The popular Amazon Echo, the original Amazon Alexa hardware, was found with security gaps that could allow attacks by ten key Reinstallation Attack (KRACK) vulnerabilities, as revealed by ESET's Smart Home Research Team. A similar finding was also found in at least one generation of Kindle, Amazon's widely used e-reader.
ESET informed of these vulnerabilities, which were subsequently corrected by the Amazon security team.
2017, two Belgian researchers, Mathy Vanhoef and Frank Piessens, found serious gaps in the WPA2 standard, a protocol that at that time kept virtually all of them Wi-Fi networks.
KRACK attacks primarily target the four-way handshake, a mechanism used for two purposes: to verify that the client and access point have the correct credentials, and to negotiate a traffic network cryptographic key. Even today, two years later, many Wi-Fi-enabled devices are still vulnerable to KRACK attacks.
"In recent years, hundreds of millions of homes have become 'smarter' and have access to the internet through one of the many popular home assistant devices on the market. Despite the efforts of some manufacturers to develop these devices for safety reasons, they often remain vulnerable, "says ESET researcher Miloš Čermák. "We found many security gaps in at least three Amazon devices, which could pose a great risk if we count the number of devices purchased," explains Čermák.
Echo's 1 generation and Amazon Kindle's 8 generation were found to be vulnerable to two KRACK vulnerabilities.

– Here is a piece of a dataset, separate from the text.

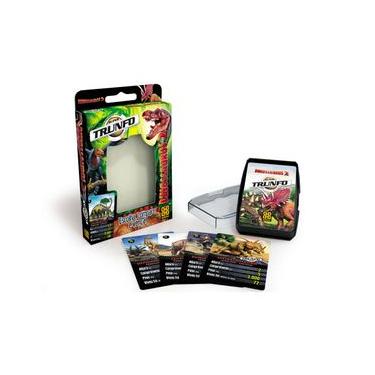 Imagem de Super Trunfo Dinossauros 2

These vulnerabilities are quite serious as they allow an attacker to: DoS attack, decrypt all data or information transmitted by the victim, tamper with data packets, force the device to reject packets or even retrieve news packages, and keep track of sensitive information such as passwords or cookies.
"It should be noted that KRACK attacks - like any other attack on Wi-Fi networks - must be carried out at close range to be effective," adds Miloš Čermák.
ESET informed about all the vulnerabilities it identified in Echo and Kindle and assisted the Amazon security team in fixing the issues.
For more details, read it related blogpost «What was wrong with Alexa? How Amazon Echo and Kindle got KRACKed ».